Task prompt =
Give again exactly the lines that stretch from the one with "2018 Nissan Sentra" to the end of the data below, including both of those lines and nothing else.

[Scraped caption text data]
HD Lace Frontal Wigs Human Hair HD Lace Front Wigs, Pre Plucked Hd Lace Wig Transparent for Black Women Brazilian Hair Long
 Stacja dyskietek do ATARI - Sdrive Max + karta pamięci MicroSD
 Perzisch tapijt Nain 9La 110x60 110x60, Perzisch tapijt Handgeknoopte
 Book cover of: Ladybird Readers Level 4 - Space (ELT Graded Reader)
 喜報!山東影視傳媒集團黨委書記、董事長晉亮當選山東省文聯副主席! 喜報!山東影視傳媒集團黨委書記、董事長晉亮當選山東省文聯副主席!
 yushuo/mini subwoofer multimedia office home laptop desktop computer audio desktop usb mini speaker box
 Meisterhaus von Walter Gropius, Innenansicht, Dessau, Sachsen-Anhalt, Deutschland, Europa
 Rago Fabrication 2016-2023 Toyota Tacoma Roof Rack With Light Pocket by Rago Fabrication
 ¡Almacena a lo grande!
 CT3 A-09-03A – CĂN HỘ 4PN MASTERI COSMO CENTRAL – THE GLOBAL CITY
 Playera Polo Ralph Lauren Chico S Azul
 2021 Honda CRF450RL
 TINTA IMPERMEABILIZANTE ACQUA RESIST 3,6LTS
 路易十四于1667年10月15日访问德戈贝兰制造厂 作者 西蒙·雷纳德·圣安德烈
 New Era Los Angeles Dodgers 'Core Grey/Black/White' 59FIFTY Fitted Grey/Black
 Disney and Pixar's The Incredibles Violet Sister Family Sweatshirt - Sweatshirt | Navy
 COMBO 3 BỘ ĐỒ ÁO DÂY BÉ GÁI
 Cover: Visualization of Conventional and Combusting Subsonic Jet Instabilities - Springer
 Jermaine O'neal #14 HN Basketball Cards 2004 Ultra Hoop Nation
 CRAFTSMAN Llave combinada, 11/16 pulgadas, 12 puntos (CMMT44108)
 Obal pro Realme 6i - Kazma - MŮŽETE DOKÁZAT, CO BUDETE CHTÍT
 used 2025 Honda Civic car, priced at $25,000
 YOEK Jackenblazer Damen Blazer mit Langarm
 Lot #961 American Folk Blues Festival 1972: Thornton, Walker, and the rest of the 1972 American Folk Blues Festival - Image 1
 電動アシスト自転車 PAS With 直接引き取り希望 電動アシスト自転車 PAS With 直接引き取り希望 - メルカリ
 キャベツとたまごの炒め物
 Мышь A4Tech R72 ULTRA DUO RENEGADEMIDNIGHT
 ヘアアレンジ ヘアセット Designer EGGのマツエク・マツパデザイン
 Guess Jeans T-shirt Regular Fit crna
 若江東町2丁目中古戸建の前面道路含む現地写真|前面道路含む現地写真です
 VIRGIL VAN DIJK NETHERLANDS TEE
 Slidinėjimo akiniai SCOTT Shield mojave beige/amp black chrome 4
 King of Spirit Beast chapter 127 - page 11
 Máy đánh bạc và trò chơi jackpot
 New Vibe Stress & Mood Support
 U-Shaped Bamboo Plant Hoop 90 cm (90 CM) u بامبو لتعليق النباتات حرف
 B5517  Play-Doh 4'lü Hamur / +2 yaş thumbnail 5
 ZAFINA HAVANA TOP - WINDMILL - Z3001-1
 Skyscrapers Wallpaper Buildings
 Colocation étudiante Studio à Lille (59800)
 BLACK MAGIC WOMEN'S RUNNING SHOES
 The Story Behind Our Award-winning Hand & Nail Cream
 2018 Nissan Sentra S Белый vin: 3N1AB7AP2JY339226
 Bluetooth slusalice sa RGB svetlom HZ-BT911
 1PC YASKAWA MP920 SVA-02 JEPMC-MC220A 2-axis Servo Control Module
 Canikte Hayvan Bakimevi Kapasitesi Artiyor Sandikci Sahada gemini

Response to the task =
 2018 Nissan Sentra S Белый vin: 3N1AB7AP2JY339226
 Bluetooth slusalice sa RGB svetlom HZ-BT911
 1PC YASKAWA MP920 SVA-02 JEPMC-MC220A 2-axis Servo Control Module
 Canikte Hayvan Bakimevi Kapasitesi Artiyor Sandikci Sahada gemini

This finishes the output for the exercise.